Source data.
:::::

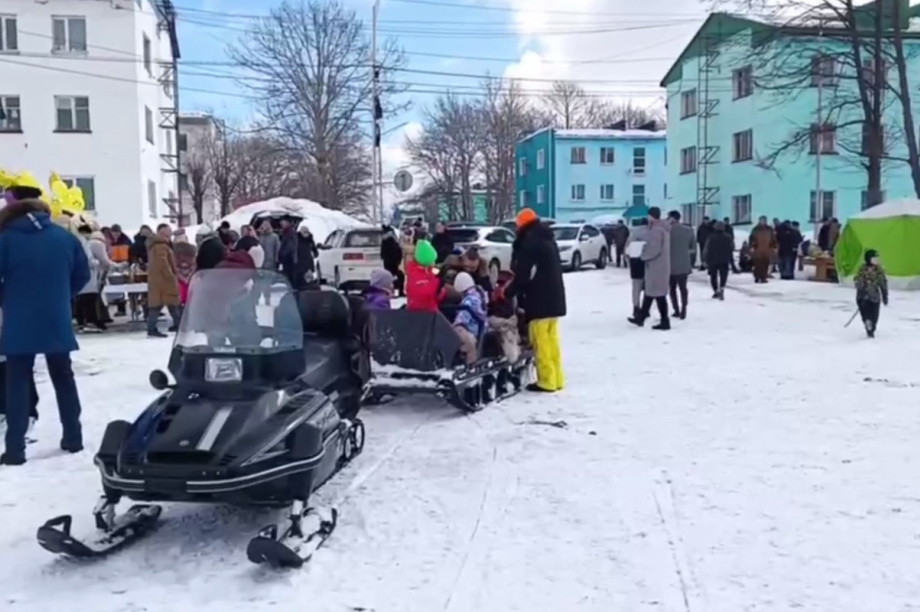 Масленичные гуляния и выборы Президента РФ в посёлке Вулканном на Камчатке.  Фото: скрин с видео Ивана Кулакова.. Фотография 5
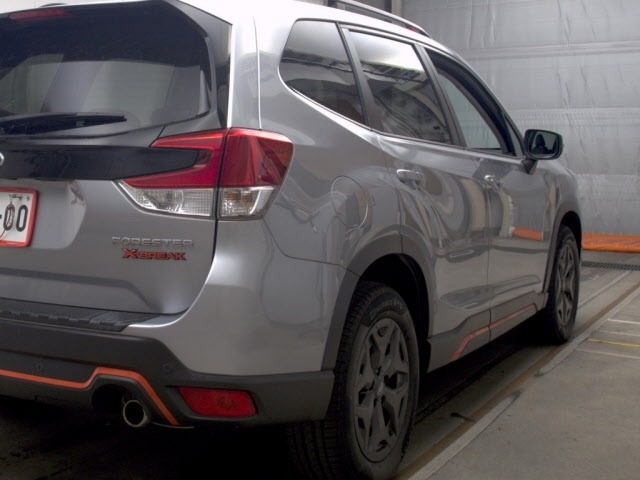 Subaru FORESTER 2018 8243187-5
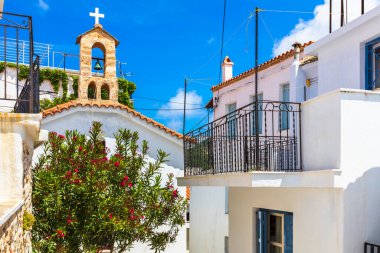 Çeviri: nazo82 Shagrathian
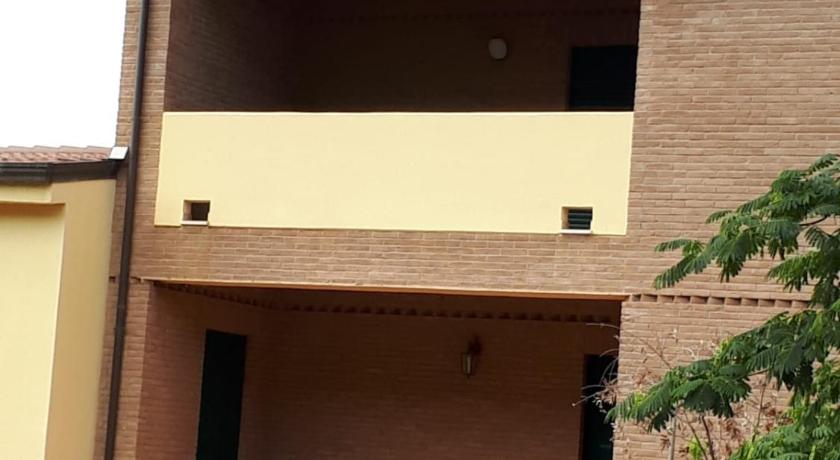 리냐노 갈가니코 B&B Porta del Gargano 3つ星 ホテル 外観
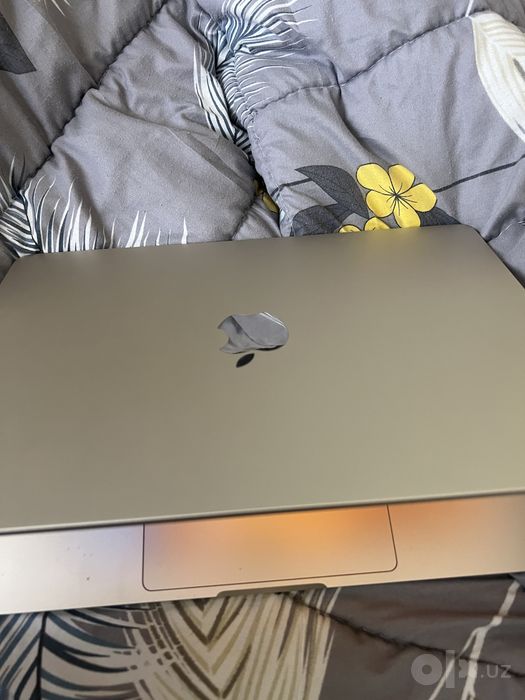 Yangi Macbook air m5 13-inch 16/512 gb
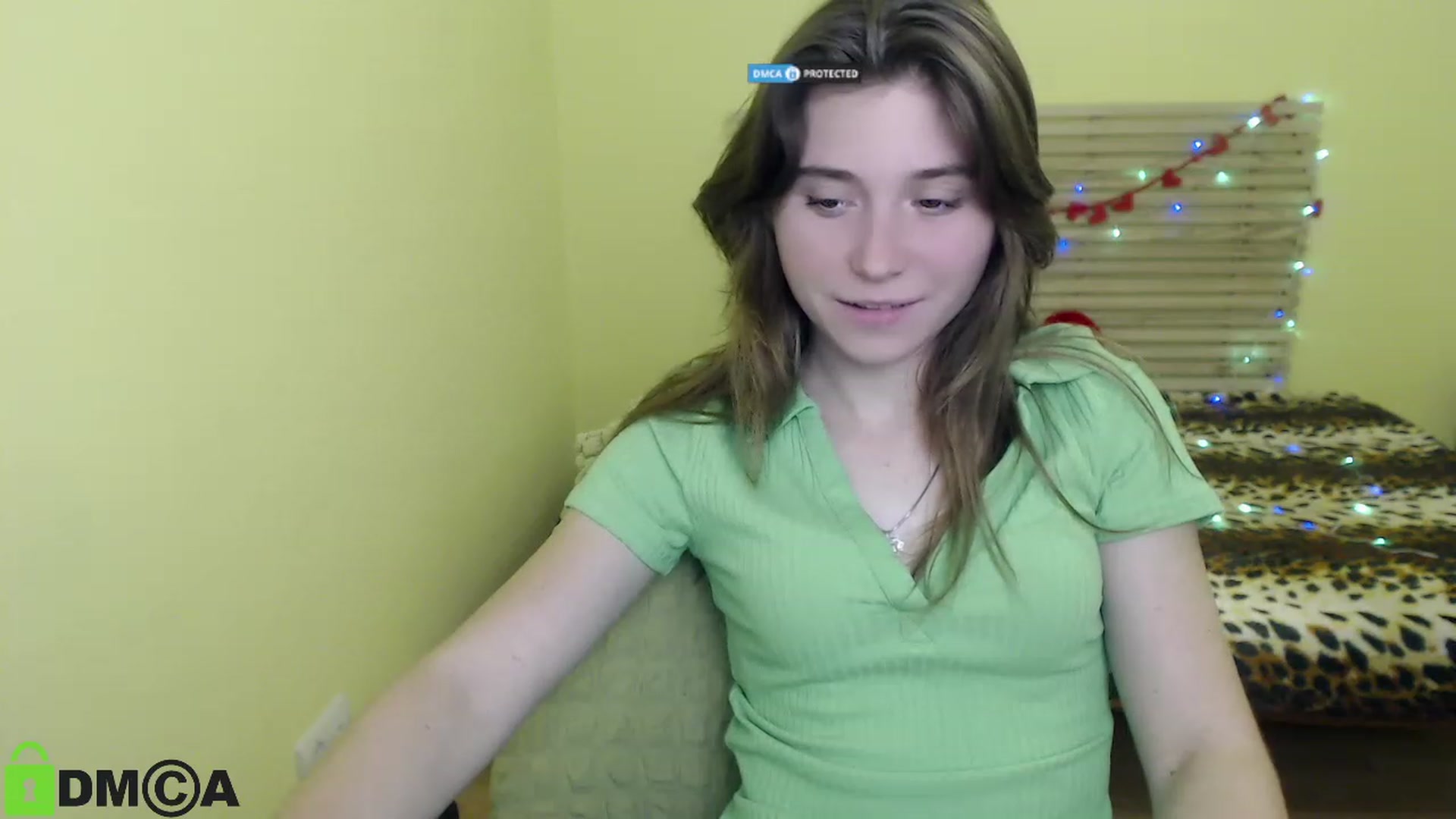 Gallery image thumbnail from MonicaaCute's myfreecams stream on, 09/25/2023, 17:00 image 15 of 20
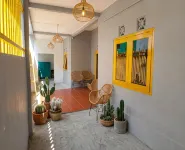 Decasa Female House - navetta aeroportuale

:::::

Instructions to follow. Transcribe the listing in full and omit the pictures.

Problem solution.
 Масленичные гуляния и выборы Президента РФ в посёлке Вулканном на Камчатке.  Фото: скрин с видео Ивана Кулакова.. Фотография 5
 Subaru FORESTER 2018 8243187-5
 Çeviri: nazo82 Shagrathian
 리냐노 갈가니코 B&B Porta del Gargano 3つ星 ホテル 外観
 Yangi Macbook air m5 13-inch 16/512 gb
 Gallery image thumbnail from MonicaaCute's myfreecams stream on, 09/25/2023, 17:00 image 15 of 20
 Decasa Female House - navetta aeroportuale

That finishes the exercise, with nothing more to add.